$\bullet$ Prove: $\mathrm E(\bar x)= \mu$
Answer:
Let $x_1,x_2,x_3\ldots,x_n$ denote the sample observations. The sample mean is $$\bar x= \frac{(x_1+x_2+x_3+\ldots+x_n)}{n}= \frac{1}{n}\sum x_i$$ where $x_i$ is the $i$-th member of of the sample.
Note, in simple random sampling(with or without replacement), the sample members has the same probability distribution as in the variable $x$ in the population.
Therefore, $\mathrm E( x_i)= \mu$
And $$\mathrm E(\bar x)= \frac{1}{n}[\mathrm E(x_1)+ \mathrm E(x_2)+\ldots+\mathrm E(x_n)]= \mu.$$
What I'm not getting is the blocked part that the author wanted to highlight.

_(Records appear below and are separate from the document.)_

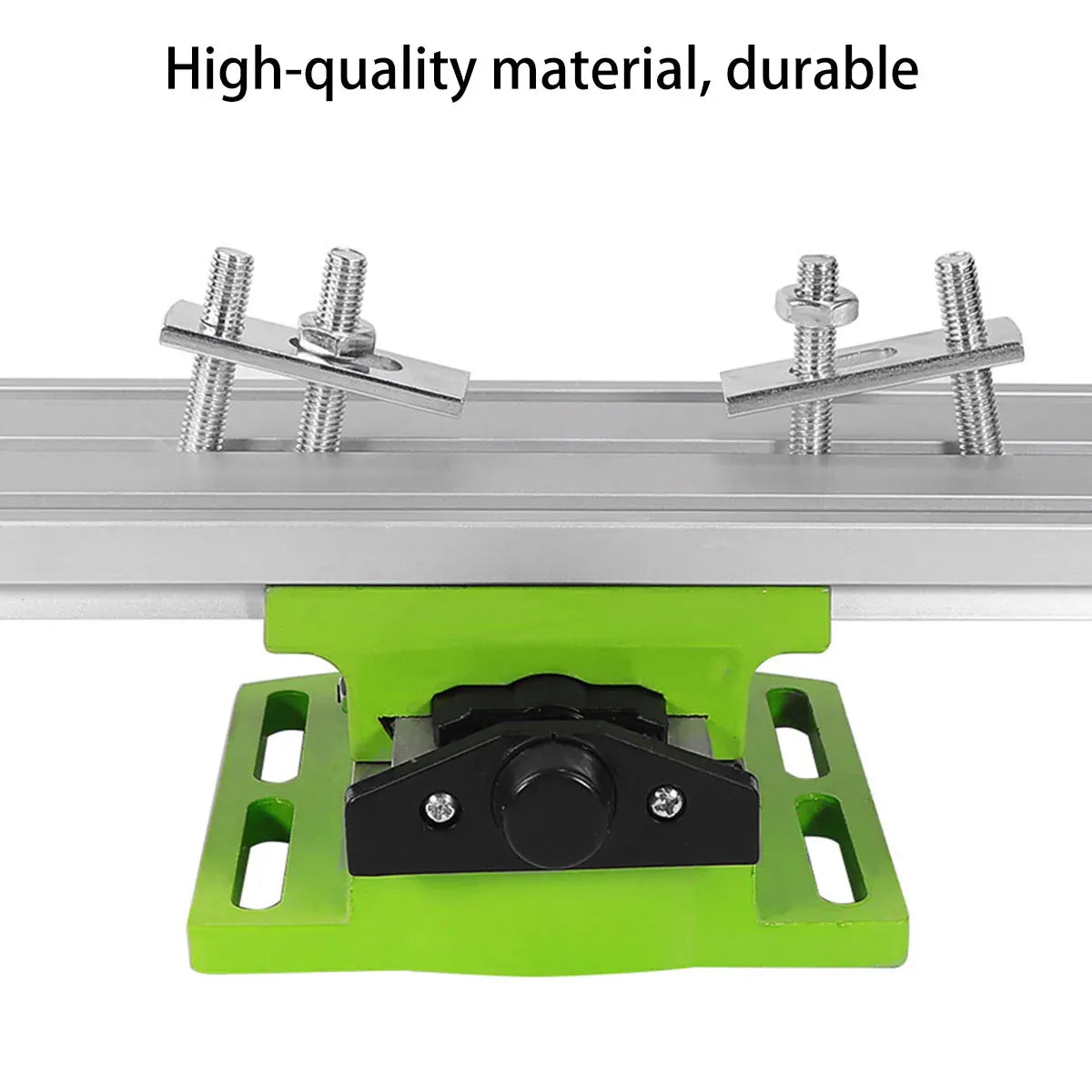 Multi Functional Micro Worktable Machine Tool Table Precision DIY Craft Repair V528-DRILL-TABLE-YGH-PMJQBZ-962503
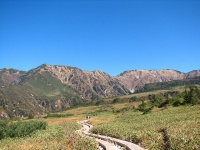 立山（柏翰 / ポーハン / POHANさん撮影、Flickrより）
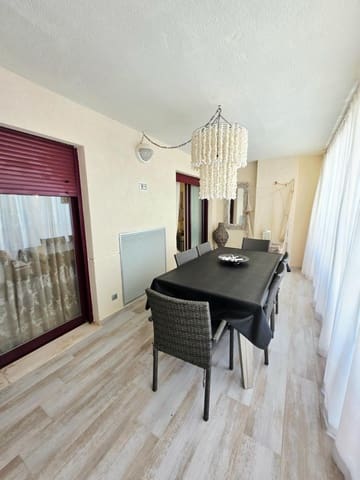 1 makuuhuone Huoneisto myytävänä paikassa Puerto, Calpe / Calp mukana uima-altaan - 299 000 € (Ref: 9568959)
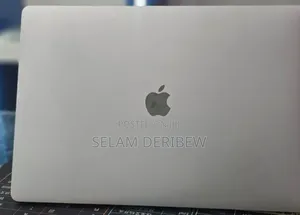 New Laptop Apple MacBook Pro 2019 32GB Intel Core i9 SSD 1T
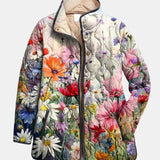 MIRA QUILTED JACKET
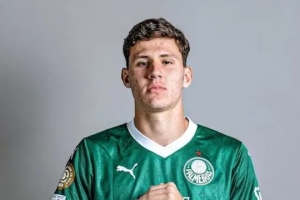 阿斯:科莫有意签下帕尔梅拉斯小将贝内德蒂,顶替可能离队的拉蒙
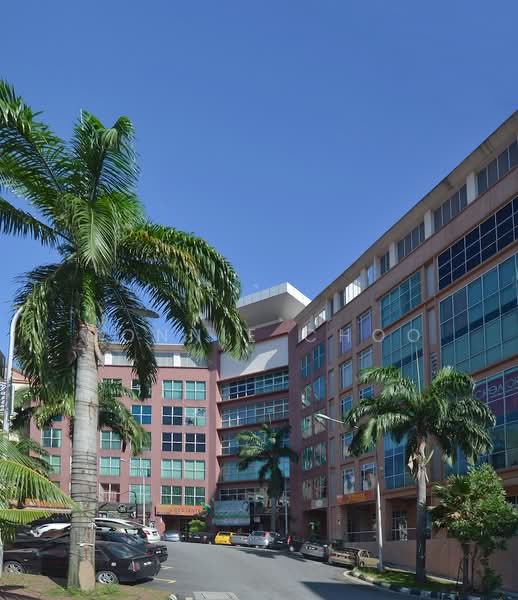 Retail Office for Sale in Cheras Business Centre (Kuala Lumpur) - Connie Choo - PropertyGuru.com.my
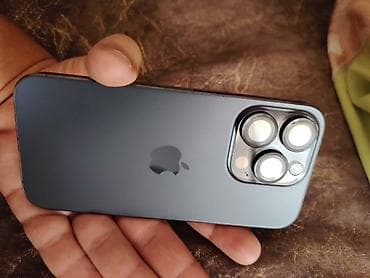 iphone 12 pro 512: IPhone 15 Pro, 128 GB, Blue Titanium, Sənədlərlə — 7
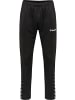 Hummel Sweat Pant in Schwarz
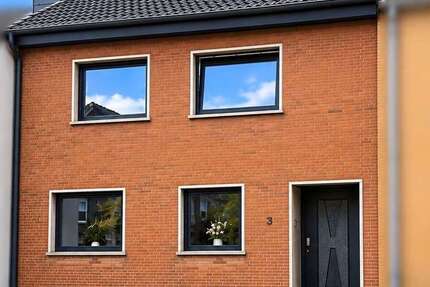 Haus Düren / Lendersdorf Lendersdorf - 4 Zimmer, 95 m&sup2;, 169.000&euro; | Angebot:27234605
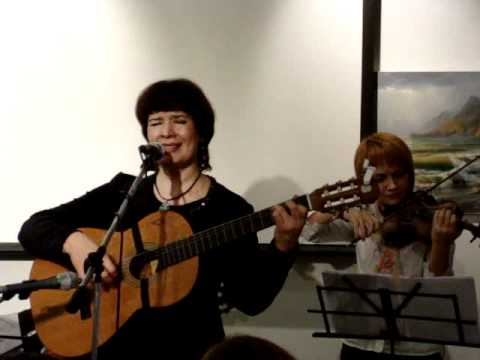 Эльмира Галеева - Вторая зима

Can anyone tell me why actually $x_i$ has the same probability distribution as $x$ in the population especially even when the random sampling is done without replacement?
For $x_i$ and $x_j$ are not independent any-more when the sampling is done without replacement; so can then also the probability distribution of $x_i$ and $x_j$ remain the same as that of $x$ in the population?
How can $\mathrm E(x_i)= \mu$ when the sampling is done without replacement?
Can anyone please explain that?